Aktuell hofft die Stadt auf das neue Bundesgesetz, das die Verteilung der Jugendlichen auf alle Länder und Kommunen neu regelt. Derzeit liegt die Last der Unterbringung auf den Jugendämtern Köln, Aachen, Bielefeld, Dortmund, Düsseldorf und Bochum und das obwohl es in NRW insgesamt 170 Jugendämter gibt.

Das neue Gesetzt tritt regulär am 1. Januar in Kraft, eventuell wird es auf den 1. November vorgezogen. Dann könnte Köln etwa 90 Prozent der jugendlichen Neuankömmlinge, nach vorheriger Prüfung der Verteilfähigkeit, zu anderen Kommunen weiterleiten. Die Verteilung soll binnen von vier Wochen nach der Ankunft erfolgen.

Derzeit nutzt Köln sowohl die eigenen Unterbringungsmöglichkeiten, als auch weitere im Umland in einem Umkreis von bis zu 70 Kilometern. Genutzt werden als Notlösung auch Hotels bzw. Hostels, Jungendhilfeeinrichtungen wie Jugendzentren oder leerstehende Gebäude wie eine Schule in Ehrenfeld. Außerdem soll es im Jugendhilfesystem Kölns einen weiteren Platzausbau geben.

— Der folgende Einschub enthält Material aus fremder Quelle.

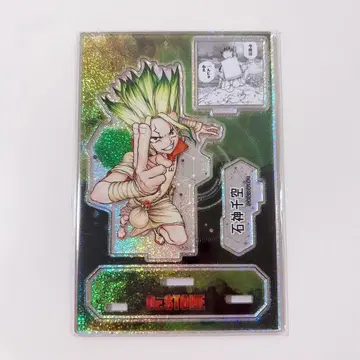 Dr. STONE 이시가미 센쿠 아크릴 스탠드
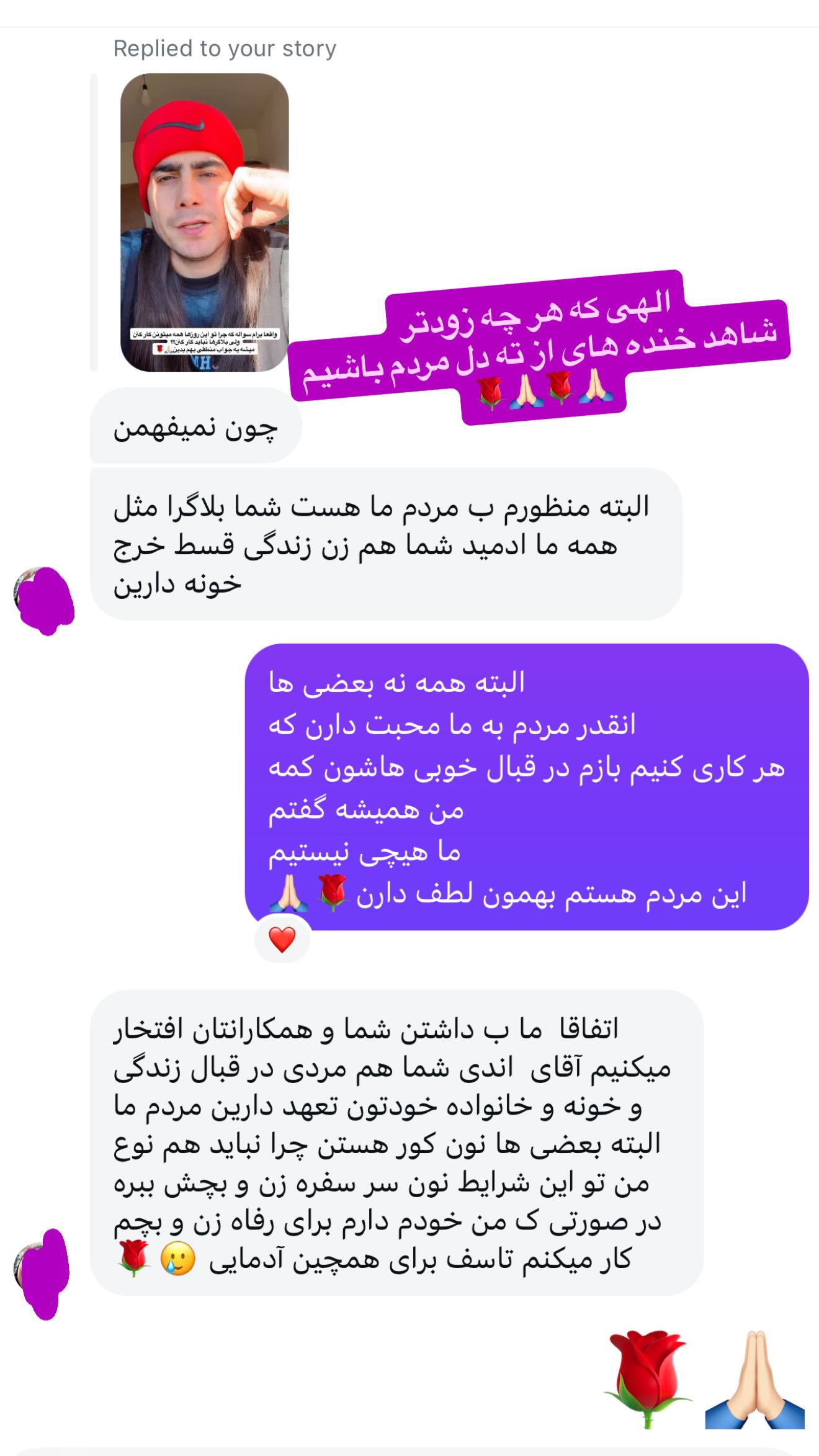  جدید ترین استوری اینستاگرام محمد اندی
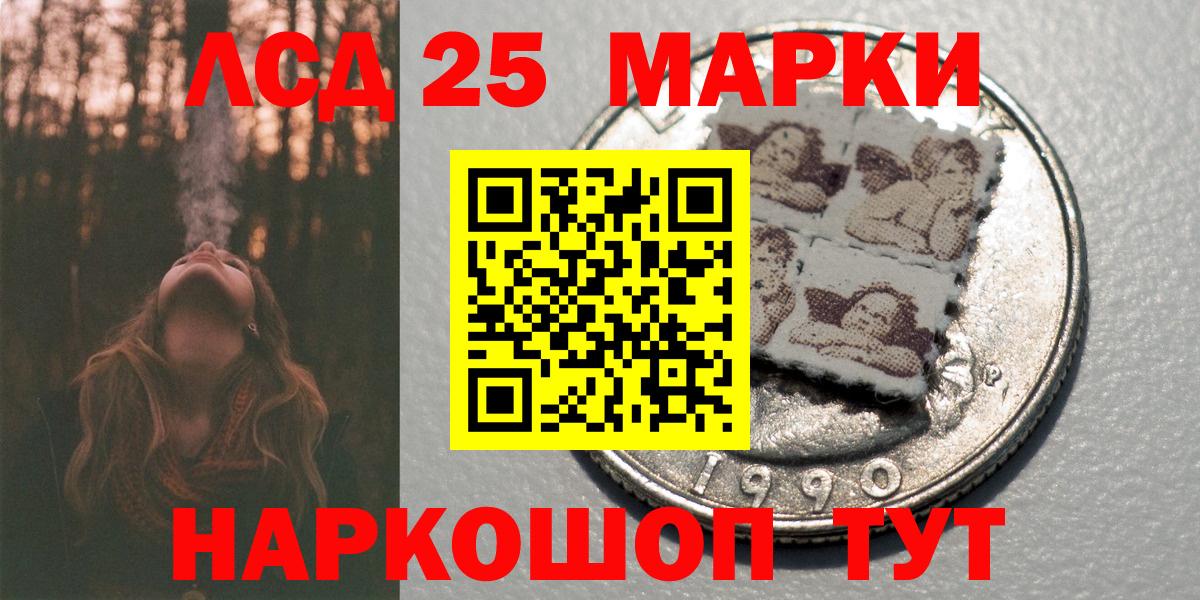 Гагарин  Марки NBOMe 1,8мг  Вход с VPN 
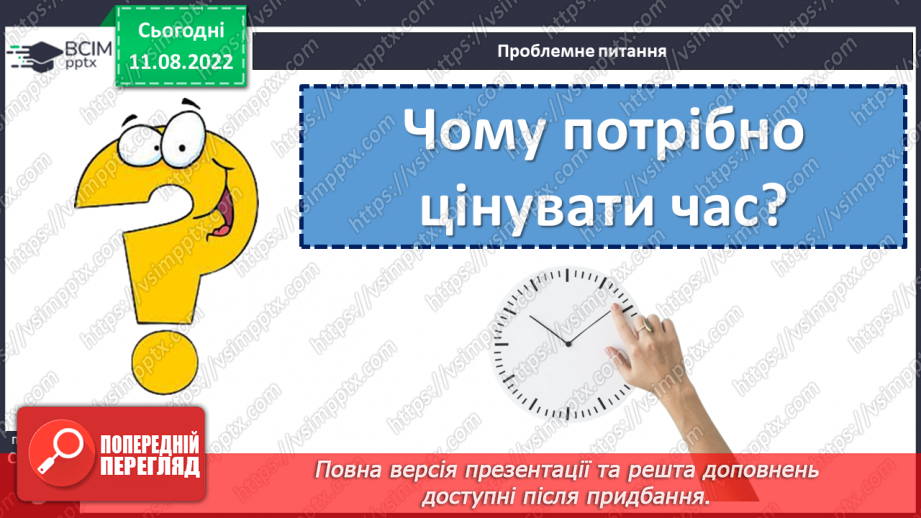 №002 - Найдорожче — золота хвилина. Марія Чепурна «Золота хвилина». (с. 5)22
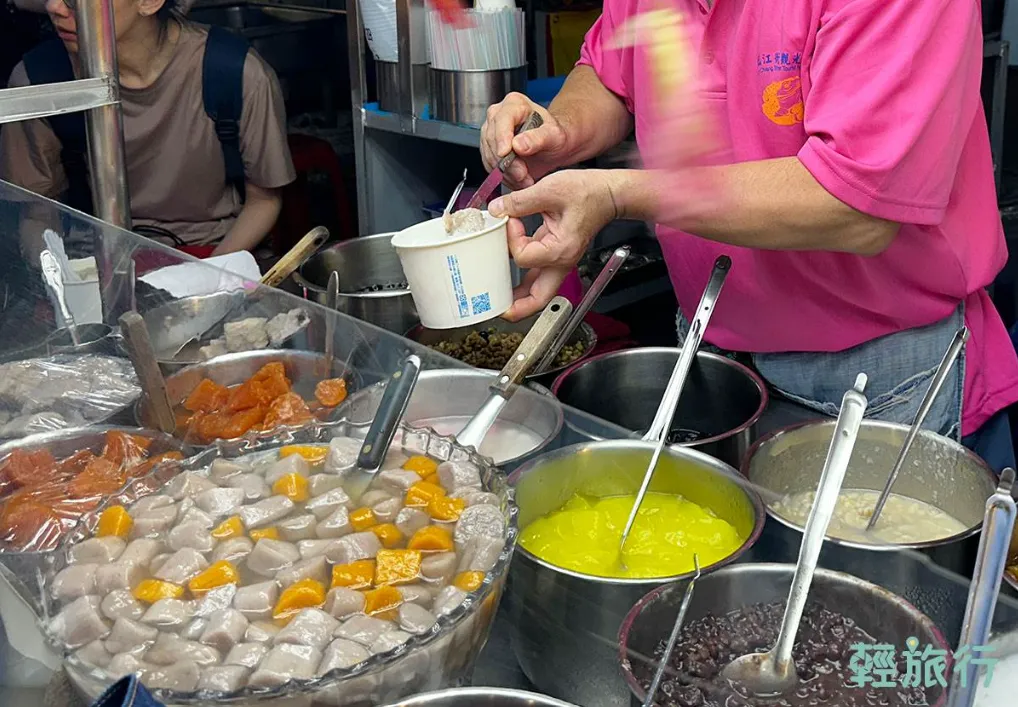 通化夜市必吃美食推薦：通化街九份芋圓。（圖／輕旅行提供）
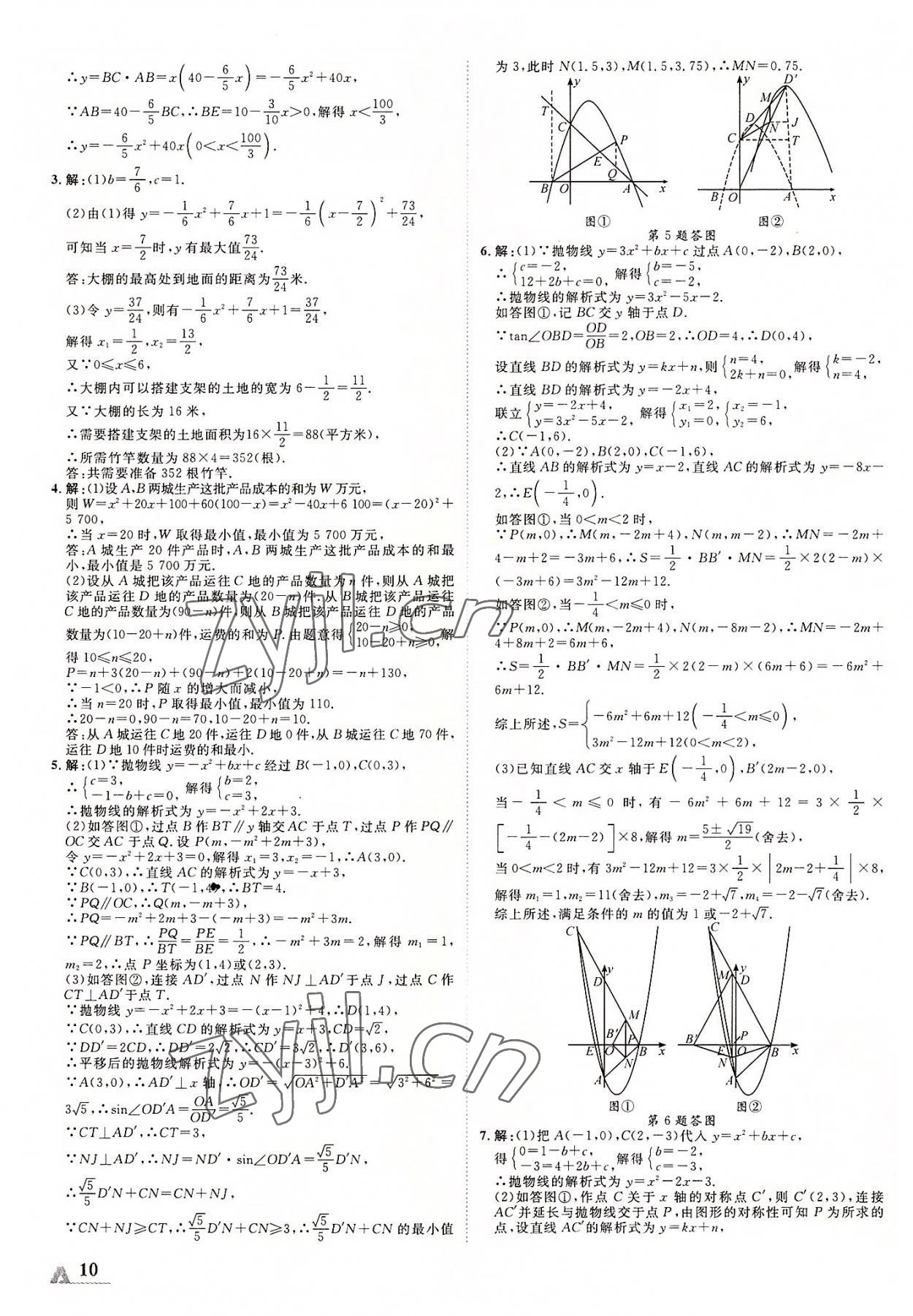 2022年卓文書(shū)業(yè)加速度數(shù)學(xué)內(nèi)蒙古專(zhuān)版 第10頁(yè)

In der Regel bekommt die Stadt die Kosten, die zwischen 3000 und 5000 Euro pro Jugendlichem liegen, vom Bund erstattet. Ob dies auch bei den Notlösungen gilt, die oft höhere Kosten verursachen, darüber gibt es derzeit noch Debatten. Geprüft wird aktuell auch die Möglichkeit, die Jugendlichen in Gastfamilien unterzubringen, von denen sich aktuell in Köln 40 bis 50 angeboten haben. Möglich ist dies allerdings nur nach einer halbjährlichen Schulung.

Die ankommenden Jugendlichen kommen nach ihrer Ankunft zunächst in stationäre Aufnahmegruppen, wo die Grundversorgung sicher gestellt wird. Später folgen dann sogenannte Clearingwohngruppen, wo es neben anderen Angeboten regelmäßig Sprachunterricht gibt. Im Idealfall kommen die jungen Flüchtlinge dann nach acht bis zehn Wochen in reguläre Wohngruppen. Hier sind aktuell aber auch Wartezeiten von bis zu fünf Monaten möglich. In allen Bereichen werden die Flüchtlinge intensiv pädagogisch betreut. Ziel ist es, den Jugendlichen einen möglichst guten Start ins Leben in der neuen Heimat zu sichern, wozu auch der Schulbesuch bzw. eine berufliche Ausbildung gehört.